After a four month absence due to disagreements with city regulations, Uber is back in Midland. Its return to the Tall City is a result of City Council voting to lessen regulatory burdens on the transportation-network company (TNC) that initially had driven them out.
The ordinance originally passed by the council in February imposed regulations on the company that “make it difficult for [Uber] to provide the level of service that you have come to know and expect,” says Uber’s General Manager Leandre Johns. Similar scenarios have been seen in numerous cities across the state like Galveston, Houston, and most recently, Austin.
The Uber and Lyft models have shown to be exceptionally successful. This is evident not only by Uber’s current 62.5 billion dollar worth, but also in the citizen backlash – primarily via petitions – seen after Uber leaves a city due to the imposed and unnecessarily burdensome regulations. In Midland, a petition on change.org was created after the city/Uber disagreement and gained over 1,600 signatures as well as wide-spread support from the business community.

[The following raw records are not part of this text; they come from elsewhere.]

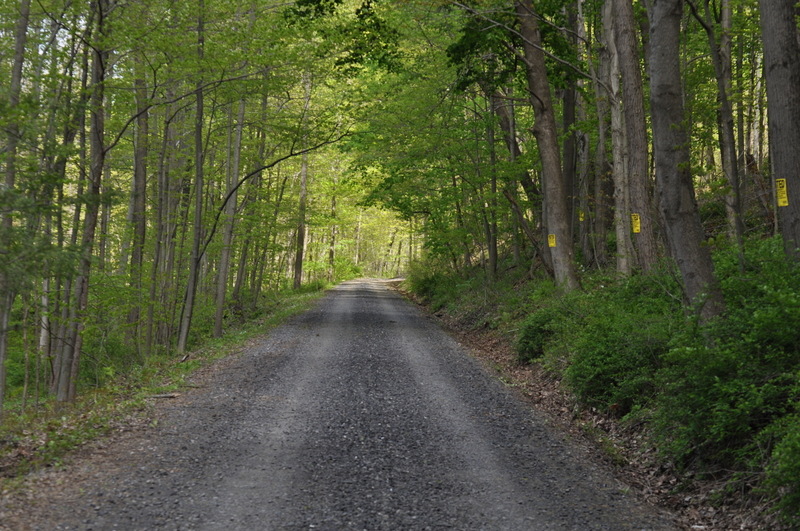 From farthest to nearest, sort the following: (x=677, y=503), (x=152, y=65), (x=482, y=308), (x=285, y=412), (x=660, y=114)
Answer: (x=482, y=308) → (x=152, y=65) → (x=285, y=412) → (x=660, y=114) → (x=677, y=503)

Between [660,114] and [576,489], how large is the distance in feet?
12.9

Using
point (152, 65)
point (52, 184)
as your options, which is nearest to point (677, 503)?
point (52, 184)

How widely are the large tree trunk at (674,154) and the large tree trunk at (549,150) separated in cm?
628

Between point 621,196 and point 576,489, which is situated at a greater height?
point 621,196

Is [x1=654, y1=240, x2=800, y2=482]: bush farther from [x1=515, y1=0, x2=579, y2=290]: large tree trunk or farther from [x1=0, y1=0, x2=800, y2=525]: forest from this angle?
[x1=515, y1=0, x2=579, y2=290]: large tree trunk

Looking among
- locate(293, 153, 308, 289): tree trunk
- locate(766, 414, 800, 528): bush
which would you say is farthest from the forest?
locate(293, 153, 308, 289): tree trunk

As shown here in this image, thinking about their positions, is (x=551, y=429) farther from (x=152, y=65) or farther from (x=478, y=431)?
(x=152, y=65)

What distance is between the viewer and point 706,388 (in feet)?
16.8

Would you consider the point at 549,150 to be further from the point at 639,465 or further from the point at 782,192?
the point at 639,465

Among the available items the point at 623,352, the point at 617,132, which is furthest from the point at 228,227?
the point at 623,352

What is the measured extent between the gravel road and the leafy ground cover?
595mm

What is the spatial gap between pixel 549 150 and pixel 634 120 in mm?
2295

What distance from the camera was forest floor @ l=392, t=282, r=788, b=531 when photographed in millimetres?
4398

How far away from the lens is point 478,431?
6.85 meters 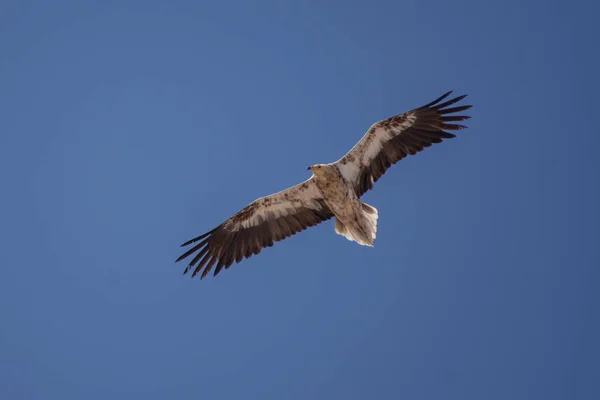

It is apparent city council heard the community’s cry loud and clear. Some of the changes made last week to the ordinance include the removal of the licensing requirement for transportation-network (TNC) drivers, limits background checks for drivers to the TNC, reduces fees, removes additional vehicle requirements given their state registration is current, and enables an annual compliance audit by the City of Midland.
Studies have shown that the addition of affordable ride-sharing and transportation-network companies to cities has significantly decreased the rate of drunk driving accidents and provides much needed job opportunities – especially in places facing an economic downturn like Midland. Also, their addition to the market forces traditional cabs to improve their quality of service to remain competitive. However, TNC’s and ride-sharing companies (such as Lyft) is a new and innovative concept that’s requiring local governments to reassess the regulations they place on the industry. Consistently, taxi and chauffeur companies have lobbied for increased regulations on their new competitors in order to “level the playing field”, when, conversely, it may be more productive to lessen regulations for the entire industry.
State Senators Don Huffines (R-Dallas) and Charles Schwertner (R-Georgetown) have expressed the need for statewide legislation regarding TNCs that would stop cities from levying these burdensome regulations. In the meantime, hopefully other cities across Texas will follow in the footsteps of Beaumont, and now Midland, and work with TNCs to craft regulations that are beneficial to both riders and drivers.